**Work instructions:**
Print the data exactly as written, line for line, and leave its pictures behind.

+++ Given material

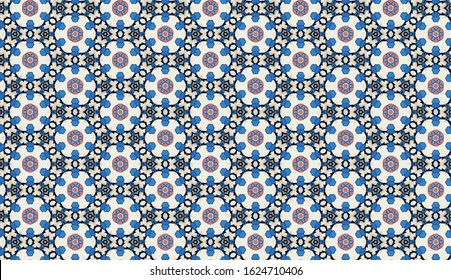 Seamless Pattern (Triangle shapes, White Star Light on Blue Textile, Wooden, Turkish Tiles Pattern)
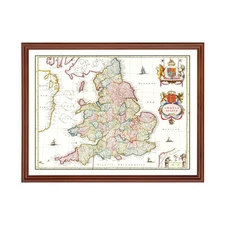 Old Map of England 1665 - Vintage England Art Wall Decor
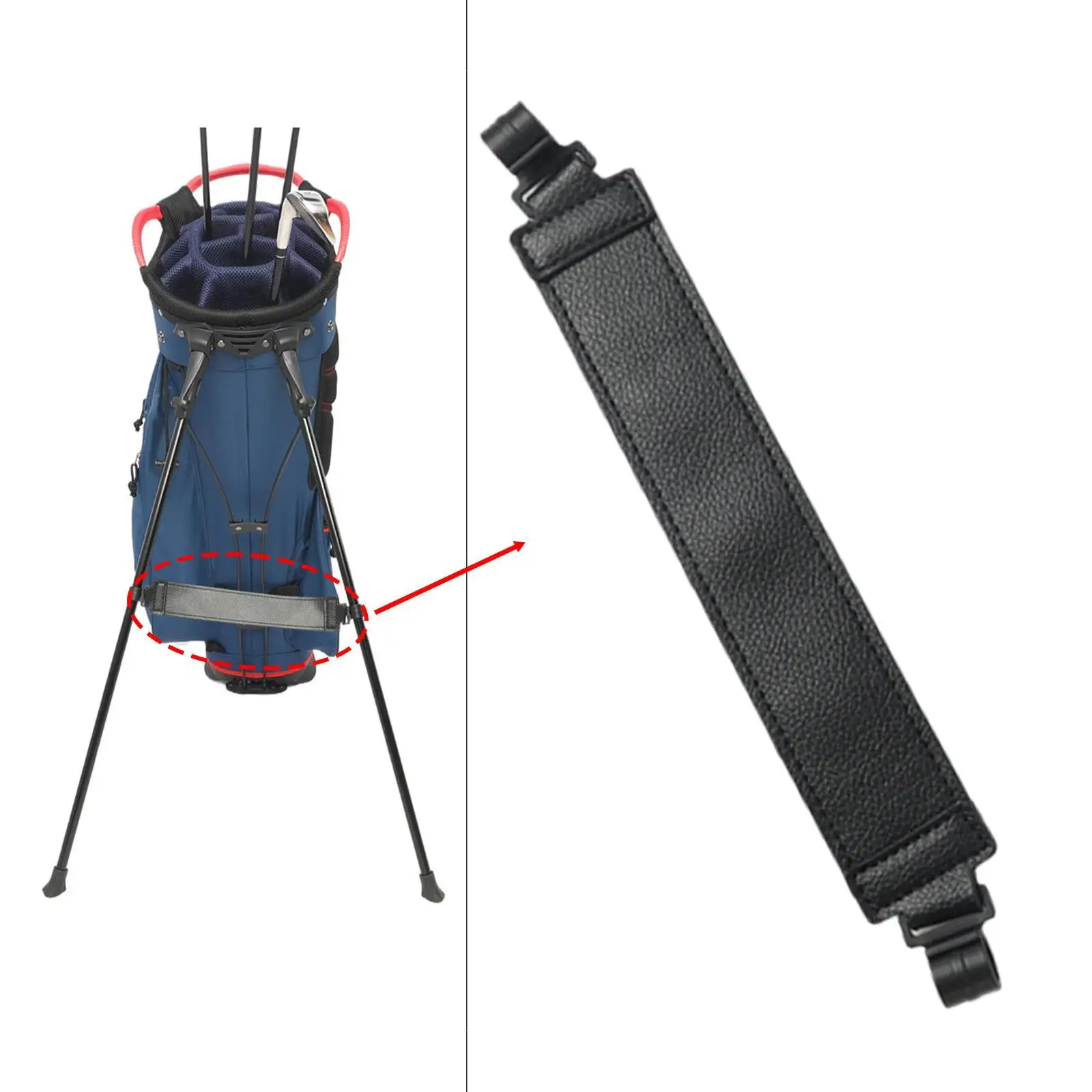 Golf Bag Leg Tether Strap Lightweight Golf Bag Bracket Adjuster (Black)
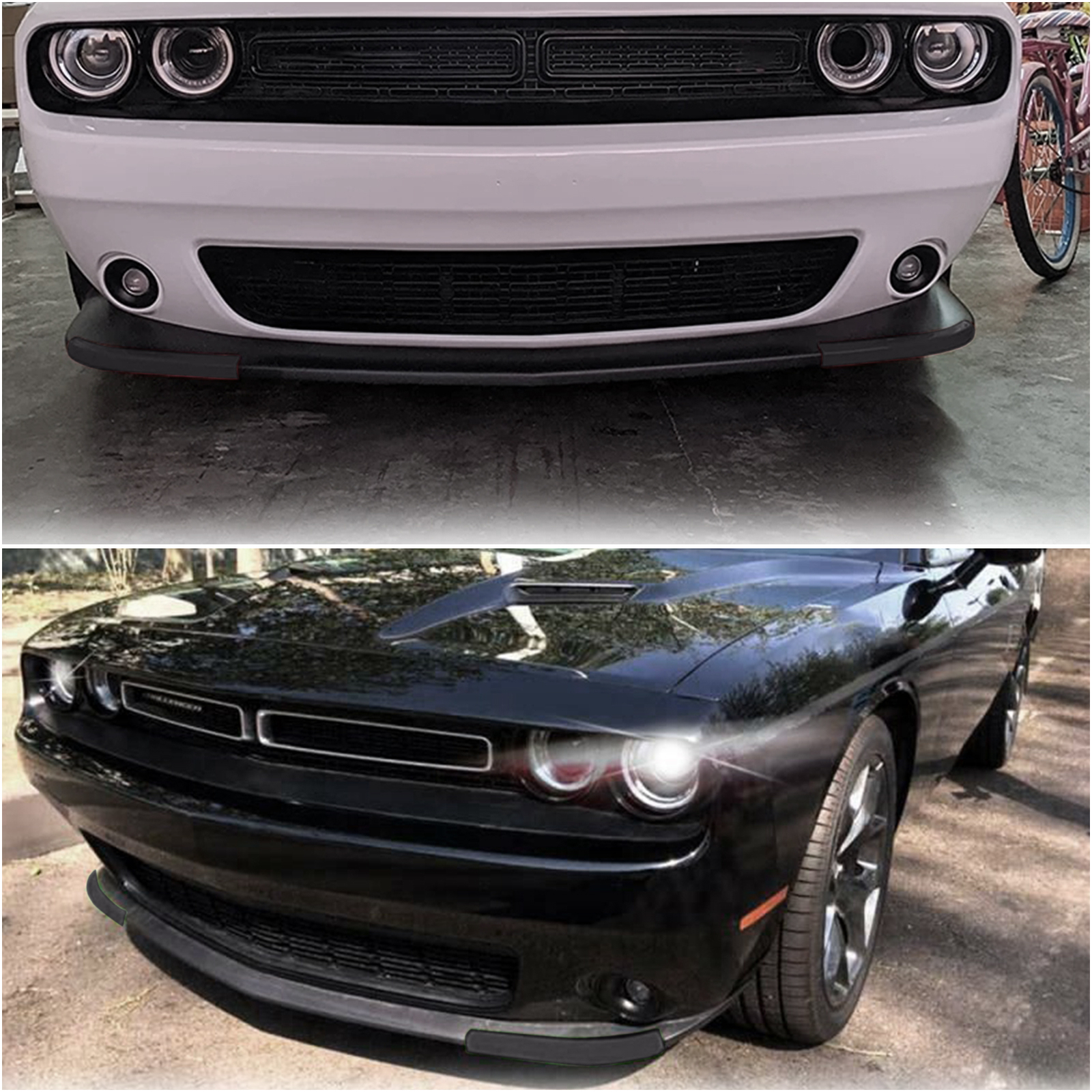 for Dodge Challenger 2015+ Front Bumper Lip Splitter Protector Cover Trim Decor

++++++

**Result:**
 Seamless Pattern (Triangle shapes, White Star Light on Blue Textile, Wooden, Turkish Tiles Pattern)
 Old Map of England 1665 - Vintage England Art Wall Decor
 Golf Bag Leg Tether Strap Lightweight Golf Bag Bracket Adjuster (Black)
 for Dodge Challenger 2015+ Front Bumper Lip Splitter Protector Cover Trim Decor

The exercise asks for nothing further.